With Chinese, there are three main elements of information: Characters; Pinyin/Pronunciation; "meaning" (for me, English)...let's call them "Cues," since they are the candidates for presentation on a flash card.
Pleco's flash card functionality, like many flash card programs, allows me to control which Cues I want to see and which will be hidden (we can call the hidden ones "Answers"). I can change which elements are Cues and which ones are Answers each time I start a flash card session.
What the program does not (yet?) allow me to do is:
1. Define multiple different Cue/Answer pairings ("Tasks")
2. Put Tasks in order; that is, consistently promote words from one Task to the next
3. Group words together based on their membership in a Task (which represents how well the have been learned, and is almost certainly different from their membership in a Lesson, since some members of the Lesson are learned immediately, while others stick in one's craw for weeks).
This is the functionality I first implemented in my vocab management program. It allows you to define a Task, which includes a set of Cues and corresponding Answers...for example:
Task 0: Show Character and Pinyin, Expect Meaning
Task 1: Show Character, Expect Pinyin and Meaning
Task 2: Show Meaning, Expect Pinyin
Task 3: Show Pinyin, Expect Character
Task 4: Show Meaning, Expect Character
...as you can see, this set of Task definitions takes the learner from character recognition (an easy task) to character production (a much more difficult task), with a short stop at oral production (the Meaning > Pinyin step). I have found this to be a very natural progression and would recommend it to new learners (though I think it should be implemented in a way that each user can define and change).
Since the Tasks are ordered from easy to hard, it makes sense to promote vocabulary items from Task 0 to 1 to 2 to 3...and so on. For this reason I also call the Tasks "Bins," as at any given time each Task may "contain" a number of "cards." Note that the vocab items in any given Bin (that is, at any given stage in the learning process) may have come from different Lessons. This reflects the simple fact that we learn some items in each Lesson faster than others.
Although this seems like a very fundamental change (indeed, for the learner it may amount to a fundamentally different approach to flash-card learning), from a database perspective it does not involve that much data. Each item which has been added to a Vocabulary List would have a number representing its current Bin (Task); and each Task would have to be defined as including one or more Cues (which are already implemented, since the program already allows the user to choose which Cues to show for each flash card session).
Note that the Task Basket implementation saves you the trouble of tracking which items you "Got Right" and "Got Wrong." "Got Right/Wrong" doesn't map onto any real learning stage anyway, since whether you get an item right or wrong depends on what cues are available, which you can change with each flash card session. If you get it right, promote to next Bin. If you got it wrong, keep it in its current Bin. If you quiz yourself on each Bin each day, your words will slowly (some more slowly than others!!) march toward mastery.
Finally, this single change enables another very powerful and interesting capability.
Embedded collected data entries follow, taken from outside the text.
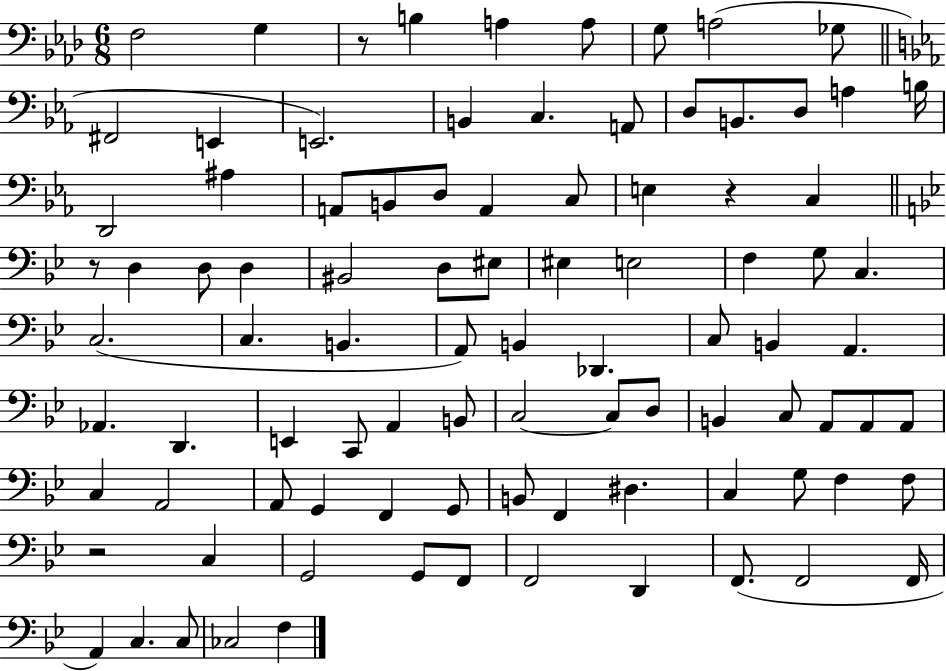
{
  \clef bass
  \numericTimeSignature
  \time 6/8
  \key aes \major
  f2 g4 | r8 b4 a4 a8 | g8 a2( ges8 | \bar "||" \break \key ees \major fis,2 e,4 | e,2.) | b,4 c4. a,8 | d8 b,8. d8 a4 b16 | \break d,2 ais4 | a,8 b,8 d8 a,4 c8 | e4 r4 c4 | \bar "||" \break \key g \minor r8 d4 d8 d4 | bis,2 d8 eis8 | eis4 e2 | f4 g8 c4. | \break c2.( | c4. b,4. | a,8) b,4 des,4. | c8 b,4 a,4. | \break aes,4. d,4. | e,4 c,8 a,4 b,8 | c2~~ c8 d8 | b,4 c8 a,8 a,8 a,8 | \break c4 a,2 | a,8 g,4 f,4 g,8 | b,8 f,4 dis4. | c4 g8 f4 f8 | \break r2 c4 | g,2 g,8 f,8 | f,2 d,4 | f,8.( f,2 f,16 | \break a,4) c4. c8 | ces2 f4 | \bar "|."
}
No matter how many Bins a user defines (I used to use ten but have cut back to six), the top bin represents words the user considers "learned." Counting the items in this bin, then, represents the user's active vocabulary! (if the Bins are defined and ordered carefully, one of the lower Bins should represent the user's passive vocabulary). This is a great motivational tool and it makes a cool graph.
I hope that you will consider this idea, which has done wonders for my character-learning and I am sure could help many other learners. How many times have you tested yourself on a Lesson, wasting 50% of your time slogging through words you knew you would get right, all to test yourself on the 50% you hadn't yet mastered? But you couldn't delete those items from the Lesson...if only you could get them out of the way by promoting them to another stage of learning, which would be represented by a different challenge/response drill (a different set of cues, i.e. a different "Bin").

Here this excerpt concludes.